Das sind nur einige Fragen, es gäbe noch viel mehr. Denn die Antworten, die man bekommt, erzeugen Fragen am laufenden Band. Eine Antwort auf die Frage, warum man mit einem Hund überhaupt Schutzdienst machen soll, ist – außer daß es den Hunden total Spaß macht: „Ist doch nicht schlecht, wenn mein Hund mich verteidigen kann.“ Aha, wie interessant. Und ich dachte, es handelt sich um einen netten Freizeitspaß. Ja, ich weiß, sehr viele Schutzdienstler distanzieren sich von solchen Aussagen. Aber wirklich nur Leuten wie mir gegenüber oder auch öffentlich in ihrem Verein oder in einschlägigen Foren oder Netzwerkgruppen? Mal ganz im Ernst: wo lebt jemand, der solche Sachen sagt und denkt? In Syrien oder Afghanistan? Ich lebe seit meiner Geburt in Deutschland, Mitteleuropa, und mir ist nicht bekannt, daß der Aufenthalt hier besonders gefährlich wäre. Ca. 15 Jahre meines beruflichen Lebens habe ich im Außendienst verbracht, und Wunder über Wunder: ich hab’s nicht nur überlebt, es gab nicht einmal ansatzweise die Notwendigkeit mich zu verteidigen, ganz zu schweigen davon, daß ich meistens ohne Hund unterwegs war und nie im Leben auf die Idee käme, meine Hunde in menschliche Auseinandersetzungen einzubeziehen.

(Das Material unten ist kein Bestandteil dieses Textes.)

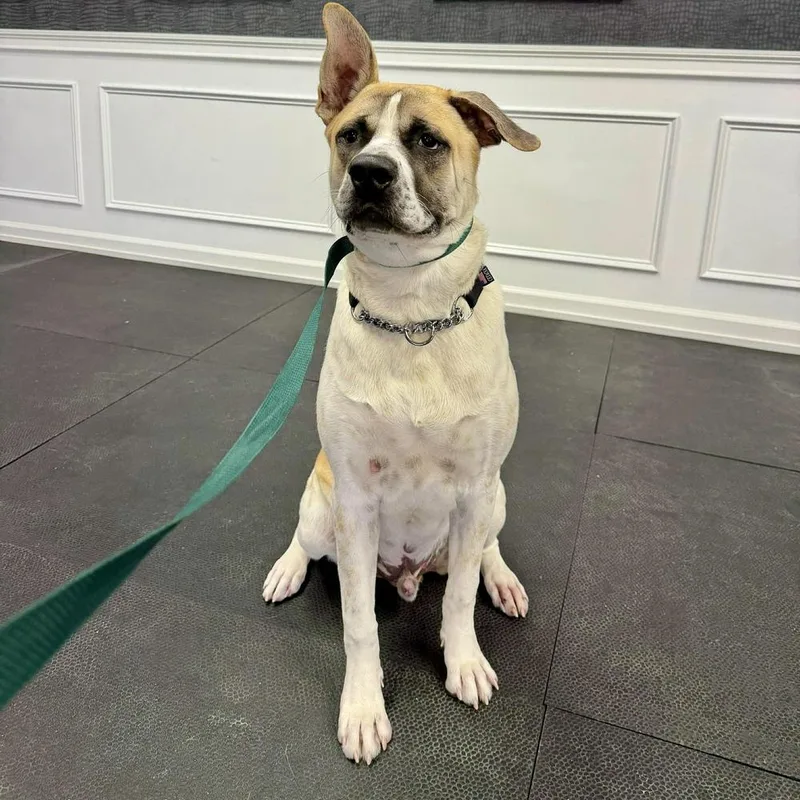A young large-sized male Mixed Breed dog named Pixel for adoption in Long Island City, NY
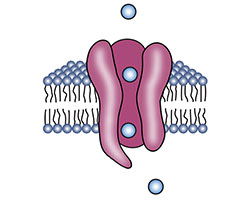 Cell membrane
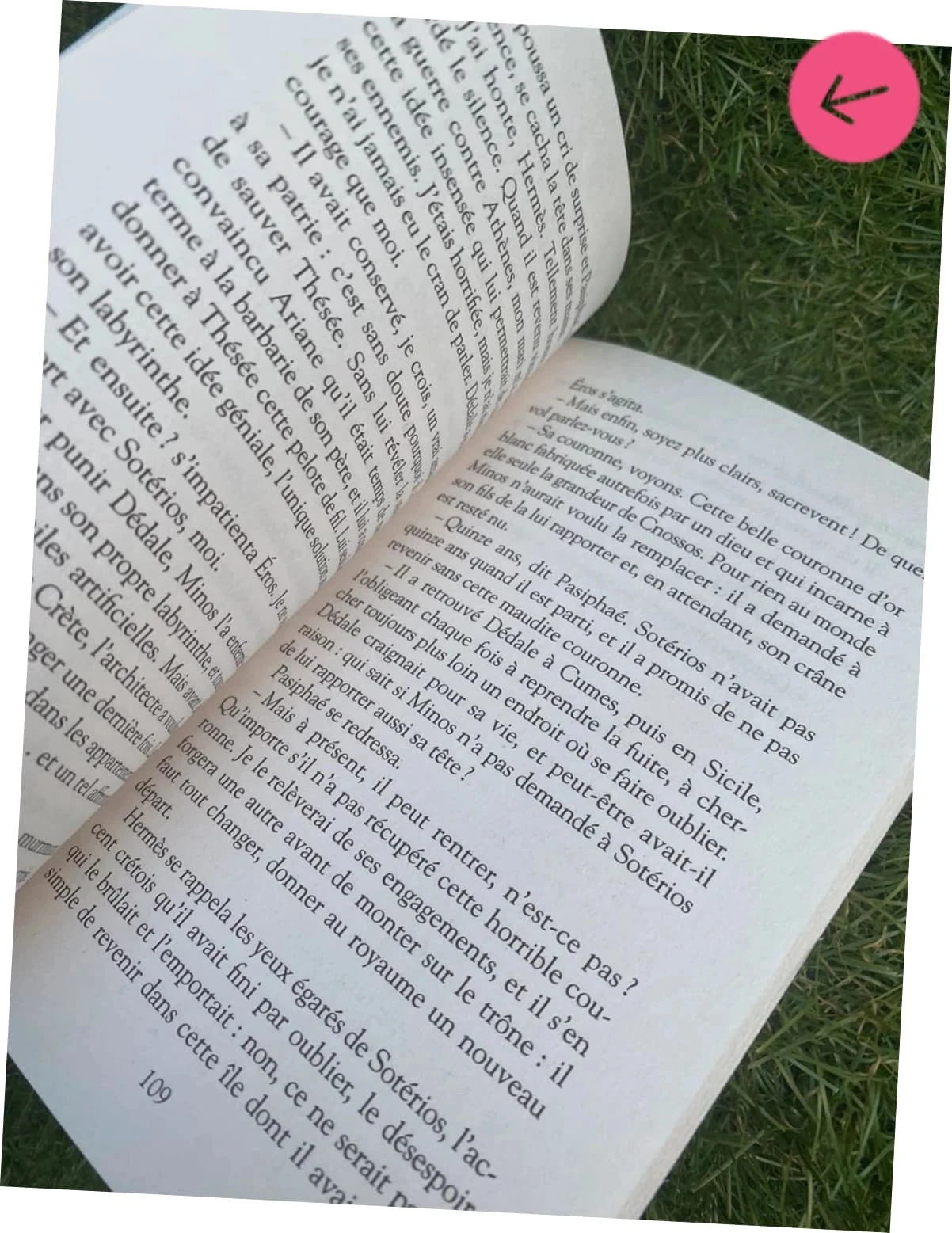 Livre scolaire. Le mystère dedalle 6ème – photo 5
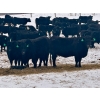 Image 1 : MG Cattle Co. Ltd. - 43 Oct/Nov Delivery Black/BBF Simm X Angus 2nd Calvers (Sangudo, AB)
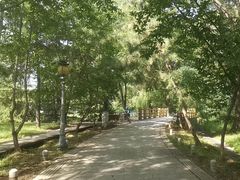 -泰安地下龙宫景区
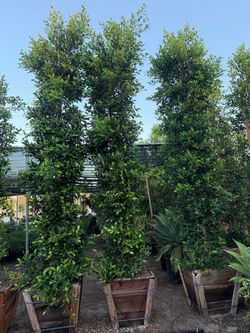 Ficus Nitida Indian Laurel hedge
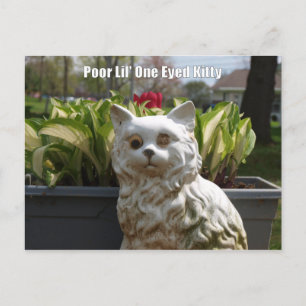 Schlechtes Lil ein mit Augen Kitty Postkarte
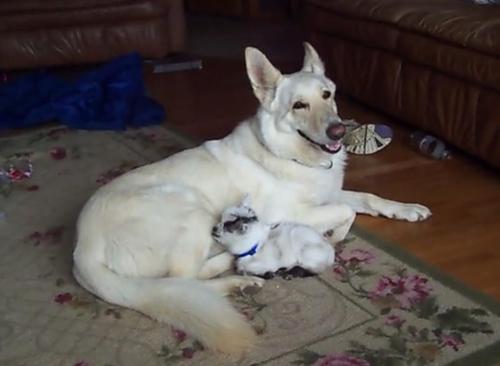 Un Bebe Chevre Croit Qu Un Berger Allemand Est Sa Mere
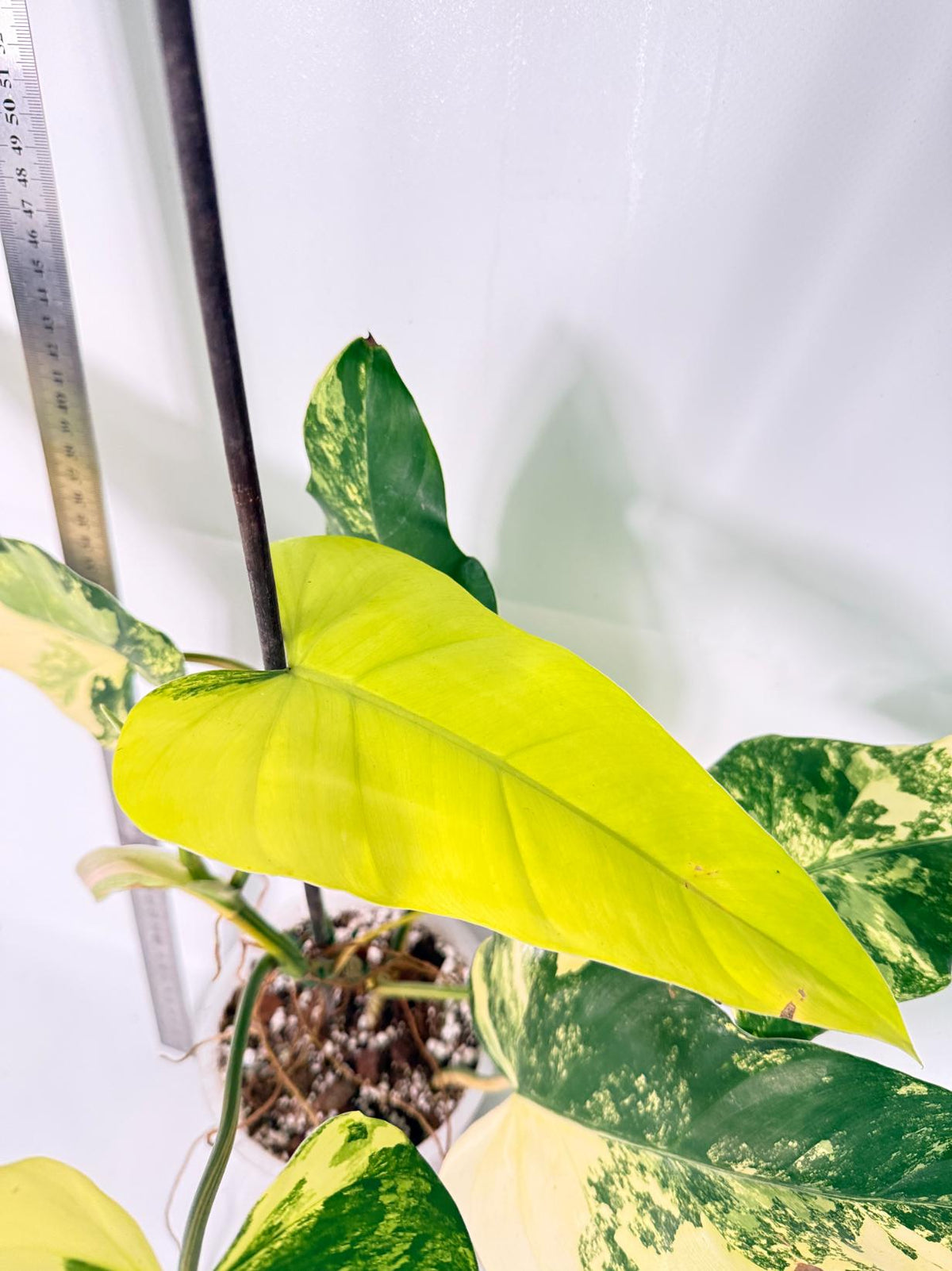Philodendron Domesticum Variegata 7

Zum Abschluß noch ein Punkt: wer meint, er könnte mal so eben seinen ausgebildeten Schutzhund, den er mit allen möglichen Würgern, Drahtschlingen und anderen Nettigkeiten zur hochaggressiven Zeitbombe gemacht hat, mit „bleiben Sie stehen oder ich schicke den Hund – voran!“ im Alltag jemandem hinterher schicken, der sollte sich mal ein bißchen mit der Rechtsprechung in diesem Lande befassen. Selbst wenn meine Hunde einen Einbrecher auf unserem Hof zu fassen kriegen und ihm die Hose zerreißen oder ihn am Ende sogar verletzen, habe ich eine Anzeige wegen Körperverletzung am Hals. Ob zu Recht oder nicht spielt keine Rolle. So ist die Rechtsprechung. In einem der friedlichsten Länder der Welt Hunde zu Waffen auszubilden, sie zu würgen, zu schlagen: auf Deutsch zu foltern, damit sie das tun, was Mensch sich einbildet, kann nicht viel mit Spiel und Spaß zu tun haben.